Speak for yourself. Your experience is valid and valuable in the discussion of disability but your experience is just yours. Disabled people who live 24/7 with their disability are the only one's who "know what it's like." But even there. I know what it's like for me, I know what my disability means and doesn't mean. But I speak only for me and my experience. I do not speak for and cannot speak to the experience of someone who has a different disability and different life realities.

So.

In any and all situations you need to 'speak for yourself.'

And, no one else.

5 comments:

Myrthe said...

This reminds me of a long-term substitute teacher I had last the year before last.
For context - we have four special eduaction divisions in my country. Vision, hearing, physical/intellectual, and behavioural/psychiatric.
I went from regular ed to behavioural special ed, and from thereon to a mixed program (class periods in normal ed, and a special ed homeroom. It was a really terrific program).

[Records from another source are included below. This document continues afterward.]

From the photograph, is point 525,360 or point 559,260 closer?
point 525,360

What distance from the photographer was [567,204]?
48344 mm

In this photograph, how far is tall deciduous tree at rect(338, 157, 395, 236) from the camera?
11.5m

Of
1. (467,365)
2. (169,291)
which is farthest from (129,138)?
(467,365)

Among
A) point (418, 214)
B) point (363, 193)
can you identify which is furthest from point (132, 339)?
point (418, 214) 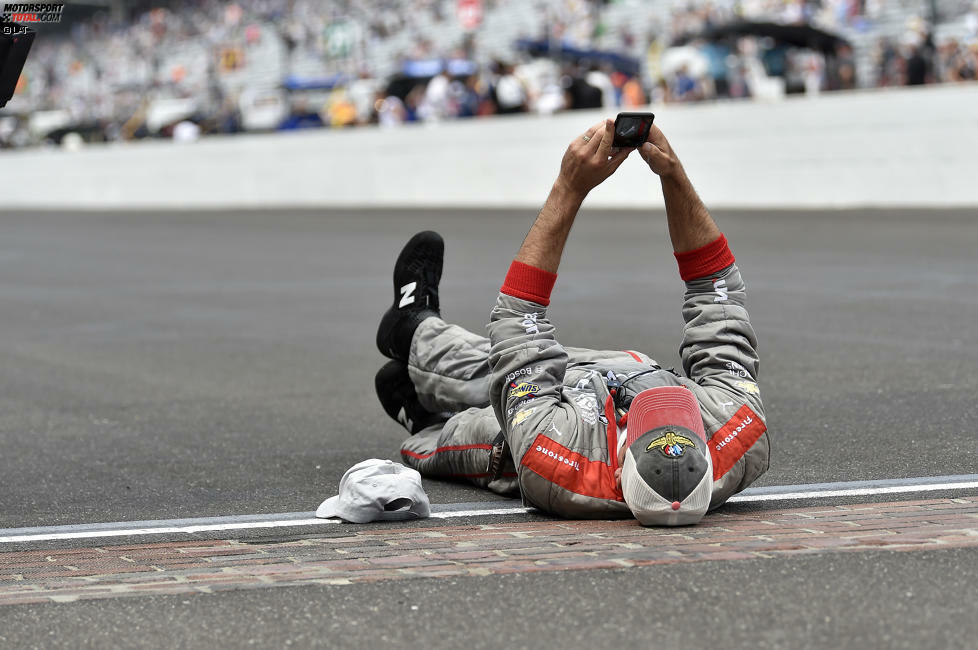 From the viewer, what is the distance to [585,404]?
16.1ft

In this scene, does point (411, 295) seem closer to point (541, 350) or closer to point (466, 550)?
point (541, 350)

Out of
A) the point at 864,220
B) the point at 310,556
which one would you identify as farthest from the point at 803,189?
the point at 310,556

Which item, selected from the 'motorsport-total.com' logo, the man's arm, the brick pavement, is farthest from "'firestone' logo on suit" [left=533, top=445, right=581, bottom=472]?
the 'motorsport-total.com' logo

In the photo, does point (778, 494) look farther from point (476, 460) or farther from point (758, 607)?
point (758, 607)

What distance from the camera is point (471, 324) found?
1081cm

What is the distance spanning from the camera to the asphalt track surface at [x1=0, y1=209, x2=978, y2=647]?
3.67m

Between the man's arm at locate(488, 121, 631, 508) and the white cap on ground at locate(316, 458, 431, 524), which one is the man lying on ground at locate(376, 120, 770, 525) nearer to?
the man's arm at locate(488, 121, 631, 508)

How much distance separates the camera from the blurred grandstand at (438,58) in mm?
25078

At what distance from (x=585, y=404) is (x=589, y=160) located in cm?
79

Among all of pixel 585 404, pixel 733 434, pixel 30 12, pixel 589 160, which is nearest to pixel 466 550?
pixel 585 404

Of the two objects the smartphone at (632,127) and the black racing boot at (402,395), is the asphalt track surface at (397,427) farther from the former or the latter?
the smartphone at (632,127)

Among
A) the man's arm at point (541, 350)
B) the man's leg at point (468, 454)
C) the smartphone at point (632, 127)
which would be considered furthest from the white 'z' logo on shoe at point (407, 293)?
the smartphone at point (632, 127)

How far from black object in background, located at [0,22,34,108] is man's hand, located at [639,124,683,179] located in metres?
1.89

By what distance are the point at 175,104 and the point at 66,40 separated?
17.2 metres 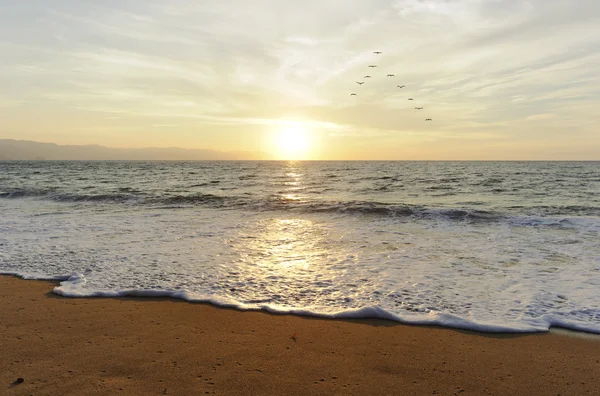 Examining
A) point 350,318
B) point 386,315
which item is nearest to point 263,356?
point 350,318

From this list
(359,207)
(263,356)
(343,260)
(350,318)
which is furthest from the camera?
(359,207)

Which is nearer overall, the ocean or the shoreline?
the shoreline

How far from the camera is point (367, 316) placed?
5.23m

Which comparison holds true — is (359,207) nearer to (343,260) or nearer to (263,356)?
(343,260)

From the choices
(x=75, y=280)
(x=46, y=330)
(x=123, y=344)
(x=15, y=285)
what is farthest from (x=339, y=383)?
(x=15, y=285)

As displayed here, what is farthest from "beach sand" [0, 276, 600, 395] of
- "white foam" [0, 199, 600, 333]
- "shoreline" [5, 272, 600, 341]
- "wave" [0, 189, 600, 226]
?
"wave" [0, 189, 600, 226]

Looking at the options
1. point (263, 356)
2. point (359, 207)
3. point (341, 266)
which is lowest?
point (263, 356)

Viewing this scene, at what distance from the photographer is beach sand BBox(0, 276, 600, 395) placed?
3.56 meters

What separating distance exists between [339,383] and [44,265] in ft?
22.4

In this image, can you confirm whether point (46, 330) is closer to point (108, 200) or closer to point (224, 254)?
point (224, 254)

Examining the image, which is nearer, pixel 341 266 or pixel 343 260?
pixel 341 266

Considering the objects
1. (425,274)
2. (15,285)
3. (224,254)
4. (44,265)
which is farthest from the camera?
(224,254)

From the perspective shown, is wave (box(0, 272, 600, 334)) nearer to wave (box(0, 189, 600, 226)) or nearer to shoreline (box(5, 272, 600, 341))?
shoreline (box(5, 272, 600, 341))

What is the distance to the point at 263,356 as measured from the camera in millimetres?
4129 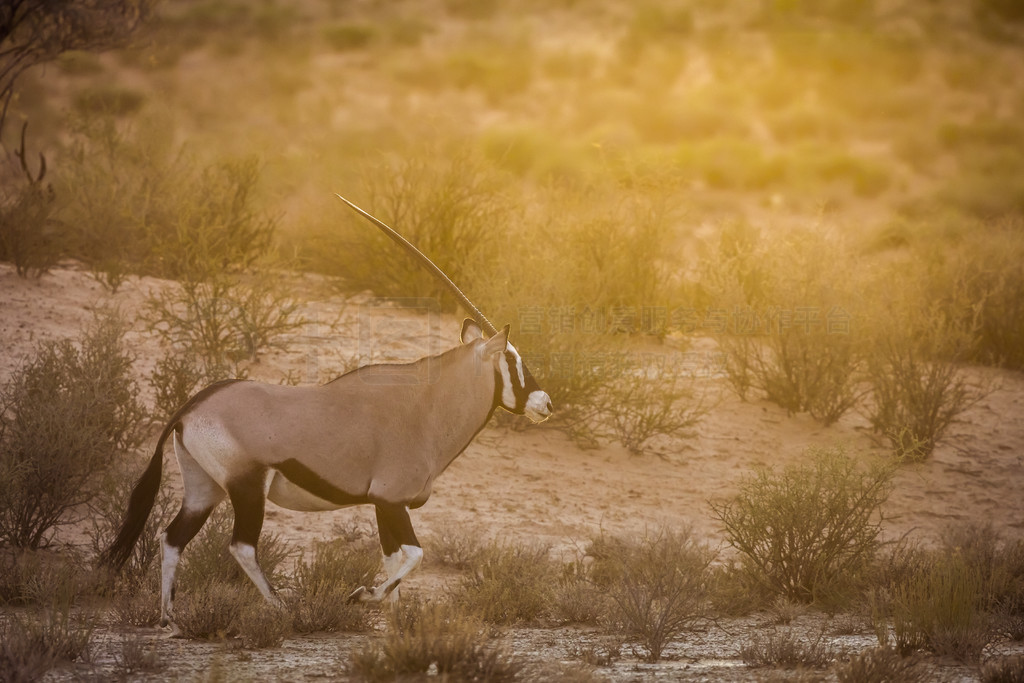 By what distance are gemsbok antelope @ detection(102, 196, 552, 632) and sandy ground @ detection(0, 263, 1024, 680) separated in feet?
7.17

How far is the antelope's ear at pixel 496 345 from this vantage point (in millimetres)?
6844

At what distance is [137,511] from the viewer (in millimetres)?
6535

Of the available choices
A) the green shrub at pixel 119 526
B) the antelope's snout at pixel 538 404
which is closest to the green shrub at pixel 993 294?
the antelope's snout at pixel 538 404

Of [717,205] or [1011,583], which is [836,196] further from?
[1011,583]

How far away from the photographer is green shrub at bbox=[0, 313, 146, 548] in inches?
325

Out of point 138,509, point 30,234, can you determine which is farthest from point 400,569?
point 30,234

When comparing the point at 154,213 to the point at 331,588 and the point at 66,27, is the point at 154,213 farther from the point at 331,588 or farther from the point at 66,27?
the point at 331,588

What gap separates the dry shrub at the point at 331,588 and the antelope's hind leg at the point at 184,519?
798 millimetres

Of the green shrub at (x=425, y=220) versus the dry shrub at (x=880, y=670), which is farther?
the green shrub at (x=425, y=220)

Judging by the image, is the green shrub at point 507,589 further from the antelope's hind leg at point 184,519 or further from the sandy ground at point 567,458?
the antelope's hind leg at point 184,519

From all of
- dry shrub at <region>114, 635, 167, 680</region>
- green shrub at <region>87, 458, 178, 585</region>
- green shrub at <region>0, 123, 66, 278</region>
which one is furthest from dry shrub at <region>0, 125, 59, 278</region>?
dry shrub at <region>114, 635, 167, 680</region>

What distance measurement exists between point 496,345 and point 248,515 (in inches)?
70.3

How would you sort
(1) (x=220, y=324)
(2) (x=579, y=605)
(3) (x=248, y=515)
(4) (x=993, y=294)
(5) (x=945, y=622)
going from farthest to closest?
(4) (x=993, y=294) < (1) (x=220, y=324) < (2) (x=579, y=605) < (5) (x=945, y=622) < (3) (x=248, y=515)

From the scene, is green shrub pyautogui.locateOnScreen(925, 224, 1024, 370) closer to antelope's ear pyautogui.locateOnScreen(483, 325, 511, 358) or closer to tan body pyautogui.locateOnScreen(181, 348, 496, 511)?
antelope's ear pyautogui.locateOnScreen(483, 325, 511, 358) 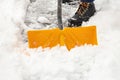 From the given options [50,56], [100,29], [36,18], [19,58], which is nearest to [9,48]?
[19,58]

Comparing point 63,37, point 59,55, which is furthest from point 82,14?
point 59,55

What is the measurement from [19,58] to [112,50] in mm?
710

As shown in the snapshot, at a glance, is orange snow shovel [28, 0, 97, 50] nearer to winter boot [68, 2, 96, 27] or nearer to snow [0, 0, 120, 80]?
snow [0, 0, 120, 80]

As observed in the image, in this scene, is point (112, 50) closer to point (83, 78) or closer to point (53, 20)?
point (83, 78)

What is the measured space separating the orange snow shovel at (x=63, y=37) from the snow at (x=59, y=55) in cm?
4

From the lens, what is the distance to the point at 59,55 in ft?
8.75

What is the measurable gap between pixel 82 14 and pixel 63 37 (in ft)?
1.45

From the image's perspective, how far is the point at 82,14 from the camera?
3.09 m

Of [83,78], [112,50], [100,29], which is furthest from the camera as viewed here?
[100,29]

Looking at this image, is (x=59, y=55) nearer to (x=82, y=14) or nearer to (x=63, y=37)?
(x=63, y=37)

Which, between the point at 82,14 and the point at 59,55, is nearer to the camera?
the point at 59,55

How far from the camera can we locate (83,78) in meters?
2.50

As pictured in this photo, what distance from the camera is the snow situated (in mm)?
2504

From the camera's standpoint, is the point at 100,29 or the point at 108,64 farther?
the point at 100,29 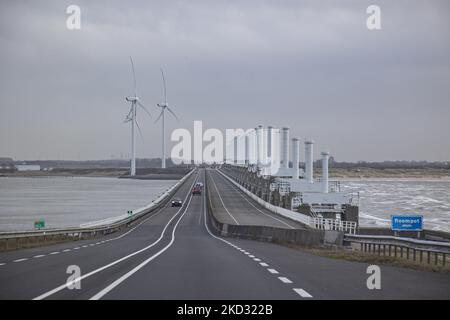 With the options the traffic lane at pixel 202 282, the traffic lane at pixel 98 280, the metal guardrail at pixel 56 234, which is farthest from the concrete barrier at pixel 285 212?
the traffic lane at pixel 202 282

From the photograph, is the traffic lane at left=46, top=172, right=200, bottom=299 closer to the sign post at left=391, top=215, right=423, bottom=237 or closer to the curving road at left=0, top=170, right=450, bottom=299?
the curving road at left=0, top=170, right=450, bottom=299

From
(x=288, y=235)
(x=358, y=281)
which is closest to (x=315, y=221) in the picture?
(x=288, y=235)

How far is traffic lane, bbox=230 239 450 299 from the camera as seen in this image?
1244 cm

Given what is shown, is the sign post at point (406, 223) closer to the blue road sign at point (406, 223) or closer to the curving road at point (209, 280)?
the blue road sign at point (406, 223)

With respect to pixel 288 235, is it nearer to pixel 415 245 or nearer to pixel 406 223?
pixel 406 223

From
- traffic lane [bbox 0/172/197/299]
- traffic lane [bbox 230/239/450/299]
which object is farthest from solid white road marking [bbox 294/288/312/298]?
traffic lane [bbox 0/172/197/299]

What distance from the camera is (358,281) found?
1472cm

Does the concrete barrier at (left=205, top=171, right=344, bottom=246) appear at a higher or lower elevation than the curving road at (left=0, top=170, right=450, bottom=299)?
lower

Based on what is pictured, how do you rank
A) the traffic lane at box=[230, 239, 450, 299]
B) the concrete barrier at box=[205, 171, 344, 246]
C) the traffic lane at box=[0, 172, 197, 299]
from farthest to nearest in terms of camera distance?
the concrete barrier at box=[205, 171, 344, 246] → the traffic lane at box=[0, 172, 197, 299] → the traffic lane at box=[230, 239, 450, 299]

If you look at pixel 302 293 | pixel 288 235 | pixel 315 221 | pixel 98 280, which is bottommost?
pixel 315 221

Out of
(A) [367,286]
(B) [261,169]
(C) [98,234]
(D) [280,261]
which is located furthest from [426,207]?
(A) [367,286]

The substitute teacher had at one point in her career spent several years working in physical/intellectual special ed. She was bragging about her special ed expertise..
To a classroom that had only 9 people in it (the other half hadn't turned up).. four of which had been in special ed. (I don't think she knew that or even knew our school had that mixed program)
We didn't think her special ed experience made her special - after all, we knew special education was a lot more normal than she seemed to think.

That was the first thing.

The second thing was that when I turned up in a wheelchair one day (I don't remember if I broke my leg or busted my stump, but it came down to that I couldn't wear my prosthetic) and she stood next to my desk and put her hand on my shoulder. First, that wasn't alright because she didn't ask. And because it wasn't a brief pat, it was like she was leaning on me, so she absolutely had to ask. Second, because she had never touched me before and it felt infantalizing that the day she was touching me was the day I was using a wheelchair.
I asked her to stop.
She then asked whether she could pet my wheelchair.
PET MY WHEELCHAIR.
"NO!"

I sent her a very stingy email later that day emphasizing the ridiculousness of her requests and she told me that she meant it very positively and that she knew how to interact with wheelchair users because of that several-years-in-special-ed.

Uh, no.
If people feel violated by the way you're interacting with them.. you're not interacting with them right.
It really is that easy.

ABEhrhardt said...

I hate to quash well-intentioned offers, but the people who make them need to learn to listen as much as those who are totally thoughtless, or maybe more - misinformation is sometimes even worse than total ignorance.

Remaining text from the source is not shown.